You may finally be at a point where you choose life over death. You may have found yourself in a position where the pain and the suffering are too difficult to bear. You may have found the strength to face your inner demons that have controlled you up until now.
Starting your journey to a better life without drugs and/or alcohol gives you the strength to fight for control over yourself and your demons.
But the reality is that there is a stigma that comes with addiction. Stigma can be defined as society's negative perceptions regarding a specific topic or group of individuals. When you experience stigma attached to addiction, you are viewed as less of a person, called a "junkie," both can wreak havoc on your mental state.
Preparing yourself for the stigma around being an addict and having an addiction will help you better prepare yourself for recovery.
This common misconception lingers over addicts and can cause you to struggle to discuss your issues with anyone.
It is vital to tell your family, friends, and employer about your need to receive help, but you don’t need to tell everyone.
Since the stigma of being a "drug addict" is embedded in our society, many people will judge us. You will have to be selective with whom you decide to share your challenges. This leads us to our main topic of discussion, how to tell your employer about going to rehab.
Many addicts can maintain their job despite their substance abuse problem. We can refer to these types of addicts as "high-functioning" addicts.
Having to tell anyone about your addiction will not be an easy conversation. According to SHRM (The Society for Human Resource Management), about 70% of people addicted to drugs and/or alcohol are employed. If you could keep a job during your active addiction, telling your employer about your decision to seek treatment is not an impossible feat. But it is important to understand how you can approach your employer when telling them about your decision to get help.
6 Ways To Tell Your Employer You Are Going To Rehab
These are steps to prepare yourself to tell your employer about your addiction problem.
Researching your company's healthcare and insurance policies is essential to know what benefits they may cover for you.
Additionally, the benefits will be little to none if you are an employee at a local restaurant, bar, convenience store, or other small-scale position. This is good to know if you are unfamiliar with how coverage works for seeking help.
The Truth Matters
No need to lie about your decision to seek help. Telling the truth is a fundamental part of the recovery process, and this is a great place to start. If you are wondering, "Can I get fired for going to rehab?" No, you cannot. There are laws in place that protect people with substance abuse problems from getting fired. There are ways to protect yourself and your finical situation before heading off to rehab. For more in-depth information on this, check out our recent blog post, "Can I Get Fired For Going To Rehab?"
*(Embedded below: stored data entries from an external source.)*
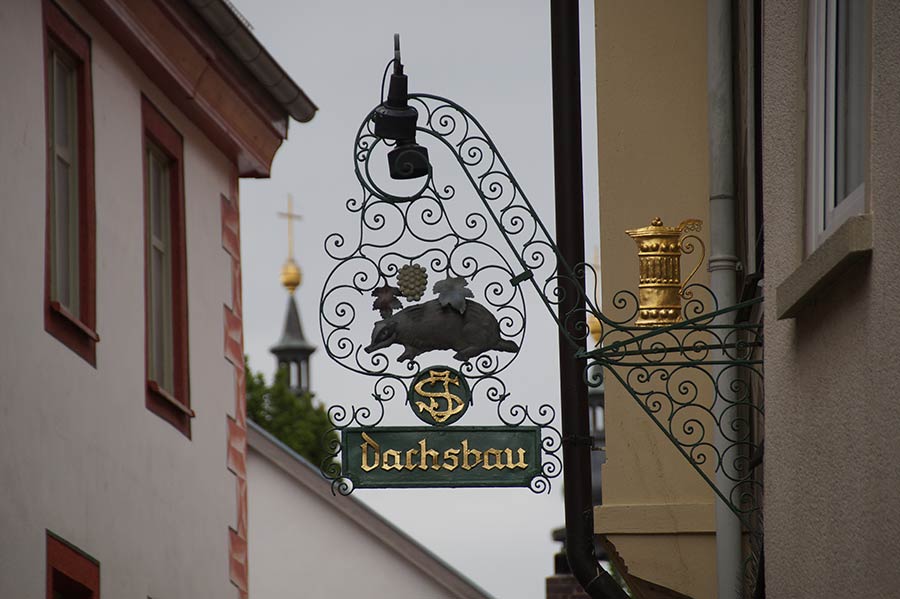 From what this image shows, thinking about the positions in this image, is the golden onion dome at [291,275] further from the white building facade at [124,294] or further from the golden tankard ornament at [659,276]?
the golden tankard ornament at [659,276]

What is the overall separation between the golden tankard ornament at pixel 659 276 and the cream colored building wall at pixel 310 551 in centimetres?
1761

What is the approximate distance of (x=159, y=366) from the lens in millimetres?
14930

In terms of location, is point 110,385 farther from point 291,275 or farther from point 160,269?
point 291,275

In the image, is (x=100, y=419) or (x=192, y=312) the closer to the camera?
(x=100, y=419)

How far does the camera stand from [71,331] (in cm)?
1243

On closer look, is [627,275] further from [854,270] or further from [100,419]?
[854,270]

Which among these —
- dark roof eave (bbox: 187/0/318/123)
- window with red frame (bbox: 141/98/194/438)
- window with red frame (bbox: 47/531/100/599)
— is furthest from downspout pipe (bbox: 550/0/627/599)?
dark roof eave (bbox: 187/0/318/123)

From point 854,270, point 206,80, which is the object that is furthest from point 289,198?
point 854,270

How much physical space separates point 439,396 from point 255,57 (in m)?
9.27

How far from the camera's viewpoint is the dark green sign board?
752cm

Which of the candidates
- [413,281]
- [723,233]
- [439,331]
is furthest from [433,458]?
[723,233]

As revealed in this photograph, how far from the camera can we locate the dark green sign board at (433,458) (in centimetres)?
752

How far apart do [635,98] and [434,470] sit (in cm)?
348

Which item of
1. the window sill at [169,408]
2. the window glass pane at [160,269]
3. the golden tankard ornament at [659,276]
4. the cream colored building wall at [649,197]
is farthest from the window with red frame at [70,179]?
the golden tankard ornament at [659,276] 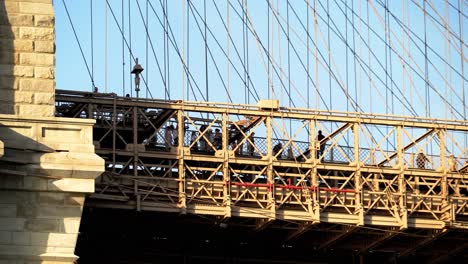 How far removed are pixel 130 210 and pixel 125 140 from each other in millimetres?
3708

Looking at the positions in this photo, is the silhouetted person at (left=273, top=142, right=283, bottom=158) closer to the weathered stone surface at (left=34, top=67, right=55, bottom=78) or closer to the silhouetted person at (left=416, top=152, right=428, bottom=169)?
the silhouetted person at (left=416, top=152, right=428, bottom=169)

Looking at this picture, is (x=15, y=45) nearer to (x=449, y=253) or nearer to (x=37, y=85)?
(x=37, y=85)

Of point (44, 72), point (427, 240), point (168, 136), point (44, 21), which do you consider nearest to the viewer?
point (44, 72)

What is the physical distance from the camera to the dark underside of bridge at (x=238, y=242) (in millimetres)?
60969

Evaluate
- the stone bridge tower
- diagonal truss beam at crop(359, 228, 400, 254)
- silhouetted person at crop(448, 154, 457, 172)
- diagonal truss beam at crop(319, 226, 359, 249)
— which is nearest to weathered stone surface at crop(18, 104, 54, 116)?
the stone bridge tower

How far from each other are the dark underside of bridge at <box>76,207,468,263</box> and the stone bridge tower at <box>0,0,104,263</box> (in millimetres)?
14067

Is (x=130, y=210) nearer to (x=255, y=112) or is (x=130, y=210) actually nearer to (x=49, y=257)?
(x=255, y=112)

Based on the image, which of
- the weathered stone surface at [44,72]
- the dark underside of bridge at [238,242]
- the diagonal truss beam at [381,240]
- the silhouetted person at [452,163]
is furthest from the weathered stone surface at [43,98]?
the silhouetted person at [452,163]

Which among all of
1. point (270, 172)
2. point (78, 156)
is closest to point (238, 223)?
point (270, 172)

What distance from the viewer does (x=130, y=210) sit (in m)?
58.2

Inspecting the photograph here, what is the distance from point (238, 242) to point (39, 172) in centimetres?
2107

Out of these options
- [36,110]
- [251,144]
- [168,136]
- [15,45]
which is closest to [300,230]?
[251,144]

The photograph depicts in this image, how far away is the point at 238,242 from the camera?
64562 millimetres

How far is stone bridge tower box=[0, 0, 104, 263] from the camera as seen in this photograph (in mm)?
44281
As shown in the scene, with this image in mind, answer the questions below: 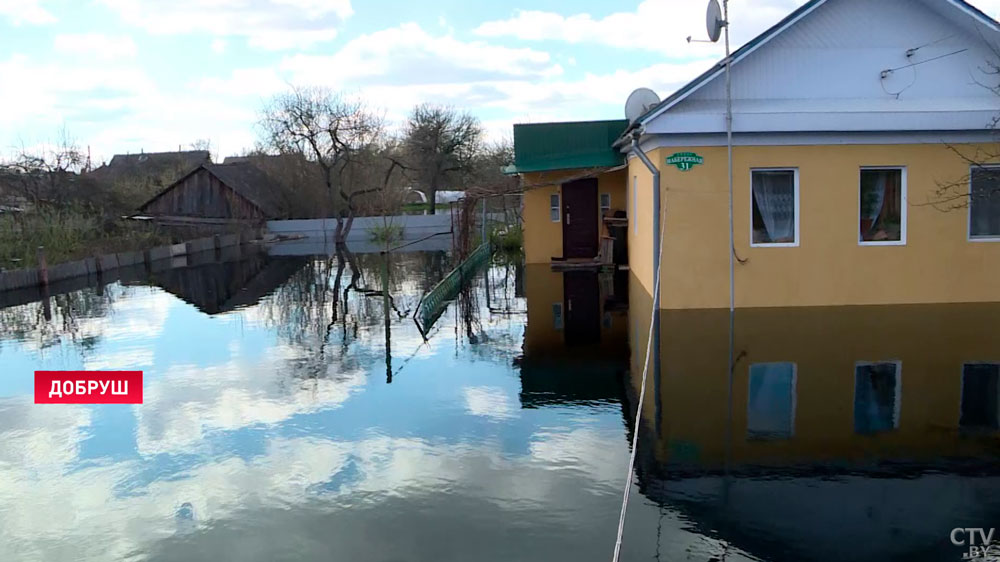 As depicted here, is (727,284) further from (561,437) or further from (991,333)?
(561,437)

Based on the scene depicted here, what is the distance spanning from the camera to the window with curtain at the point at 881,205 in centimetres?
1234

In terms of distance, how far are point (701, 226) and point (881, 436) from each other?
5.91m

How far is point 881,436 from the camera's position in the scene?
21.7ft

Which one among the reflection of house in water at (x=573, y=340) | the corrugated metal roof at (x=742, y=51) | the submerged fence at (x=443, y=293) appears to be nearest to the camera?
the reflection of house in water at (x=573, y=340)

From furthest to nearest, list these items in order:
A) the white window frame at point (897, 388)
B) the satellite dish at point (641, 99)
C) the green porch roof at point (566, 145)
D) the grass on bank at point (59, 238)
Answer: the grass on bank at point (59, 238) < the green porch roof at point (566, 145) < the satellite dish at point (641, 99) < the white window frame at point (897, 388)

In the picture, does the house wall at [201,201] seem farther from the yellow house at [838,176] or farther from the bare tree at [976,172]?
the bare tree at [976,172]

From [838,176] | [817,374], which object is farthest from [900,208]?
[817,374]

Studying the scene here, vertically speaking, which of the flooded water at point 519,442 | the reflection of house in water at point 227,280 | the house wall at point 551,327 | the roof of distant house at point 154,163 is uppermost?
the roof of distant house at point 154,163

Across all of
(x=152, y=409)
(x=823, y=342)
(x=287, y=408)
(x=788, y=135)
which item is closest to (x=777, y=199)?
(x=788, y=135)

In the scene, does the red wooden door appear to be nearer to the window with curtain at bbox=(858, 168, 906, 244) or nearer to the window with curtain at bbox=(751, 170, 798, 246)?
the window with curtain at bbox=(751, 170, 798, 246)

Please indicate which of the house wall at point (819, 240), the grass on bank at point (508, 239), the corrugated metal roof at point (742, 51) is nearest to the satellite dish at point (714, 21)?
the corrugated metal roof at point (742, 51)

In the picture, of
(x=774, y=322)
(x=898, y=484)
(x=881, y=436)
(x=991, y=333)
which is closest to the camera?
(x=898, y=484)

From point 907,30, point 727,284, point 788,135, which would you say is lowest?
point 727,284

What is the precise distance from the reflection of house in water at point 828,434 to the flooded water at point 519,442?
0.08 feet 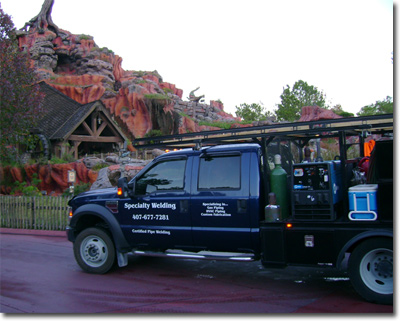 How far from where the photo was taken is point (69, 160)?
90.3ft

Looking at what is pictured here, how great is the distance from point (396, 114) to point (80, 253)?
5.75m

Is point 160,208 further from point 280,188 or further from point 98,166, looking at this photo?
point 98,166

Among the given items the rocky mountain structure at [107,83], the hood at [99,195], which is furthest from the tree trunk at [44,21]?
the hood at [99,195]

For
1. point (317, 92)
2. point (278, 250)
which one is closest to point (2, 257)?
point (278, 250)

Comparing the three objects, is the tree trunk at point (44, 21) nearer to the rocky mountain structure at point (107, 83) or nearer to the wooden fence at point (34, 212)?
the rocky mountain structure at point (107, 83)

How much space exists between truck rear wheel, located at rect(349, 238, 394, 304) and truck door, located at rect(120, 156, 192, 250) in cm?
256

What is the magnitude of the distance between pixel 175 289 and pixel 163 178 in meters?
1.84

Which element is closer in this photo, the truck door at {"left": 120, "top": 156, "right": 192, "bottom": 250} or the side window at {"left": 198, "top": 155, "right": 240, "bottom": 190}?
the side window at {"left": 198, "top": 155, "right": 240, "bottom": 190}

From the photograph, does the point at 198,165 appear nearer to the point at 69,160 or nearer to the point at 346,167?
the point at 346,167

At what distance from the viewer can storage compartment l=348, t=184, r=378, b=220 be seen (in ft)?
17.3

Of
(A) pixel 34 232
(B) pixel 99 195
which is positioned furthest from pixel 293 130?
(A) pixel 34 232

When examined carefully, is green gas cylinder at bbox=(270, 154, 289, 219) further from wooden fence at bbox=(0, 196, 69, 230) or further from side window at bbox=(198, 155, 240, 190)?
wooden fence at bbox=(0, 196, 69, 230)

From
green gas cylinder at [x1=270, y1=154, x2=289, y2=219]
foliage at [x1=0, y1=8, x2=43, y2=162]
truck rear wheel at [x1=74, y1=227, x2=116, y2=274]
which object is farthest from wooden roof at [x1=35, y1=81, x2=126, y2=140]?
green gas cylinder at [x1=270, y1=154, x2=289, y2=219]

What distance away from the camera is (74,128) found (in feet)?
93.8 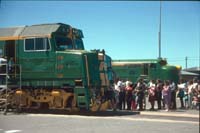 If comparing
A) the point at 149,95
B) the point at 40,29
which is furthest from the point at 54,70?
the point at 149,95

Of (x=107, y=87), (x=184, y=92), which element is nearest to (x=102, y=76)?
(x=107, y=87)

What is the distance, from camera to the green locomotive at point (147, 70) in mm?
35438

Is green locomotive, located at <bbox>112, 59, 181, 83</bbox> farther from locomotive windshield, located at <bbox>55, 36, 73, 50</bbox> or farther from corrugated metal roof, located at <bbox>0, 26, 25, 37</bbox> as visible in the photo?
corrugated metal roof, located at <bbox>0, 26, 25, 37</bbox>

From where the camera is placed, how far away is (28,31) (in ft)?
68.3

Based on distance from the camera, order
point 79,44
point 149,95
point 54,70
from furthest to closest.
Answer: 1. point 149,95
2. point 79,44
3. point 54,70

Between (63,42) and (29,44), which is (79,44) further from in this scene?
(29,44)

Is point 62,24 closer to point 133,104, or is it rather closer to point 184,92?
point 133,104

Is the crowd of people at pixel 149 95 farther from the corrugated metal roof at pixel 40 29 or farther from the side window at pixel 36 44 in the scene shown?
the corrugated metal roof at pixel 40 29

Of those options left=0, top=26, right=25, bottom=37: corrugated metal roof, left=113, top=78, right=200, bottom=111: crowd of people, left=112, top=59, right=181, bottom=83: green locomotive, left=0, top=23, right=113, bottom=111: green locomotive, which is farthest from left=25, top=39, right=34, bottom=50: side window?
left=112, top=59, right=181, bottom=83: green locomotive

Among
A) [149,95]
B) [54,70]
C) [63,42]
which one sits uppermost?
[63,42]

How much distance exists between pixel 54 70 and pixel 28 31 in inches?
93.4

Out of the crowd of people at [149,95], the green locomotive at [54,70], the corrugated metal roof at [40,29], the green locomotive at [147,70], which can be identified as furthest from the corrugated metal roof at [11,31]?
the green locomotive at [147,70]

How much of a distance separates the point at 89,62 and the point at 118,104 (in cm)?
388

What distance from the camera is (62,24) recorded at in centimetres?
2069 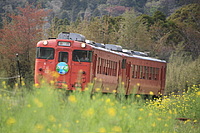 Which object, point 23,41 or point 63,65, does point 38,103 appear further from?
point 23,41

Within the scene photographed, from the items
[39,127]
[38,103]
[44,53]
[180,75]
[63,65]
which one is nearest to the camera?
[39,127]

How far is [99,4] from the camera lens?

Nothing to Fear but Fear Itself
You may feel scared or intimated when you have to have this conversation with your boss. They may have already suspected that something is going on with you and, more than likely, will be supportive and understand your decision to get help. Just be upfront and honest about the situation at hand. You will be better off telling them the truth and not returning rather than lying to them and continuing your deceptive behavior.
Seeking the approval of others will no longer serve you on your new journey. You will find that setting your expectations low can have a surprisingly profound effect on your mentality. For example, if you don't have the best relationship with your boss or employees, it would be best if you are honest with them and let them know you may or may not be coming back to work after you receive treatment. Some work relationships can be toxic, and it would not be in your best interest to return to a place where you associate your past drug use once you are sober.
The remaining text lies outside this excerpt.